With pictures left out, output word for word the lines from the one containing "2024年县局机关党支部党建工作总结.docx" through the end of the material below.

************

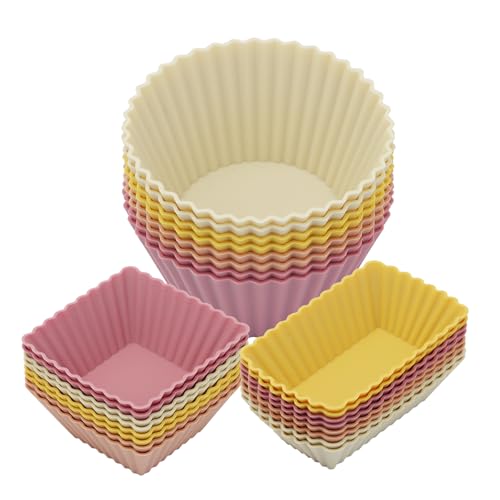24Pack Silicone Muffin Baking Cups Cupcake Liners Lunch Box Bento Dividers (24 Count)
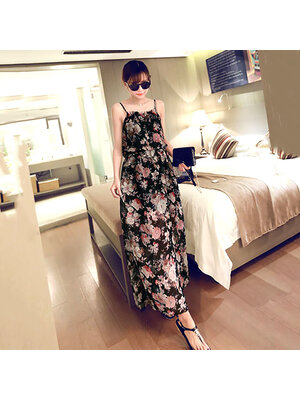 kudapy แม็กซี่เดรสยาวสีดำ เดรสทรงสายเดี่ยว เนื้อผ้าชีฟองลายดอก สีครีม เก๋ๆ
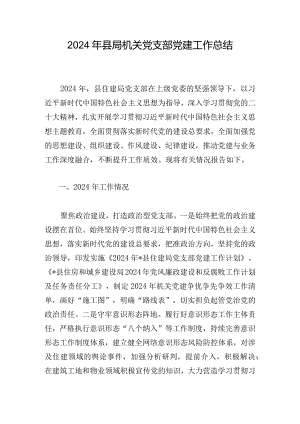 2024年县局机关党支部党建工作总结.docx
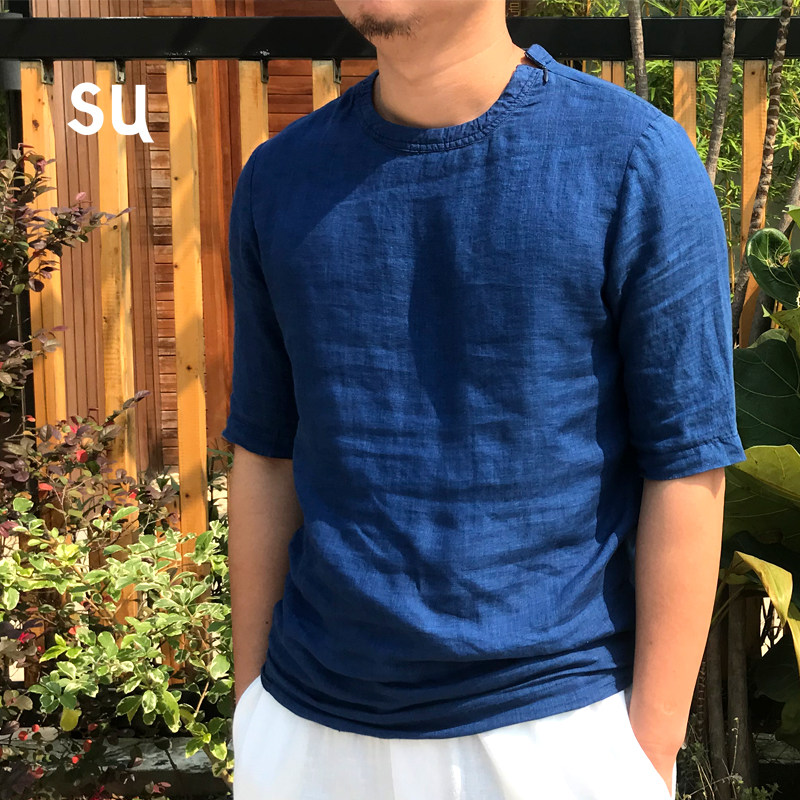亚麻短袖t恤男中国风圆领 薄款纯色T恤复古宽松日系个性休闲体恤在类目 男装, T恤中 - 来自Buy2taobao.com提供专业的淘宝代购服务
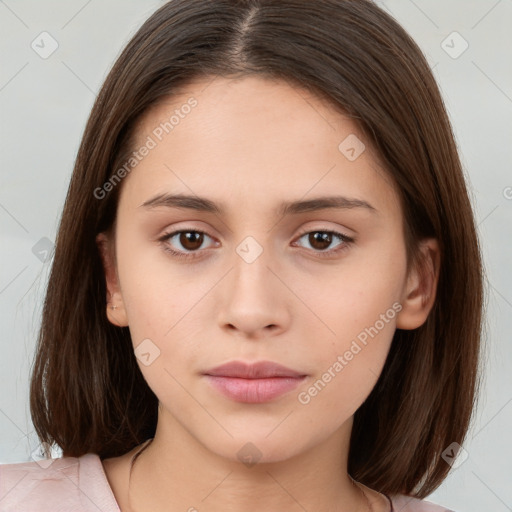 Neutral white young-adult female with medium  brown hair and brown eyes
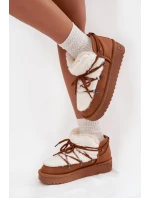 Nízké sněhule na platformě s kožešinou D.Franklin DFSH370011 Camel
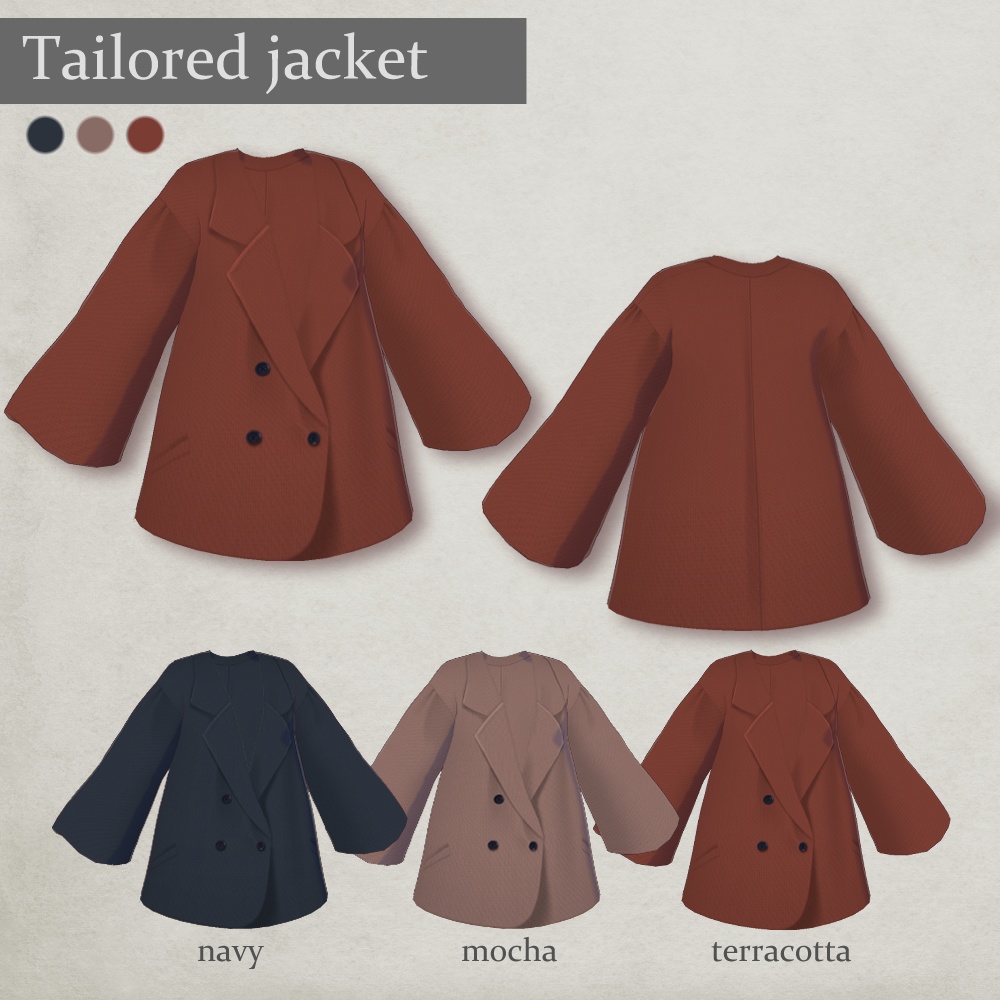 【VRoid正式版】テーラードジャケット&厚底ブーツセット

************

## Answer section
 2024年县局机关党支部党建工作总结.docx
亚麻短袖t恤男中国风圆领 薄款纯色T恤复古宽松日系个性休闲体恤在类目 男装, T恤中 - 来自Buy2taobao.com提供专业的淘宝代购服务
 Neutral white young-adult female with medium  brown hair and brown eyes
 Nízké sněhule na platformě s kožešinou D.Franklin DFSH370011 Camel
 【VRoid正式版】テーラードジャケット&厚底ブーツセット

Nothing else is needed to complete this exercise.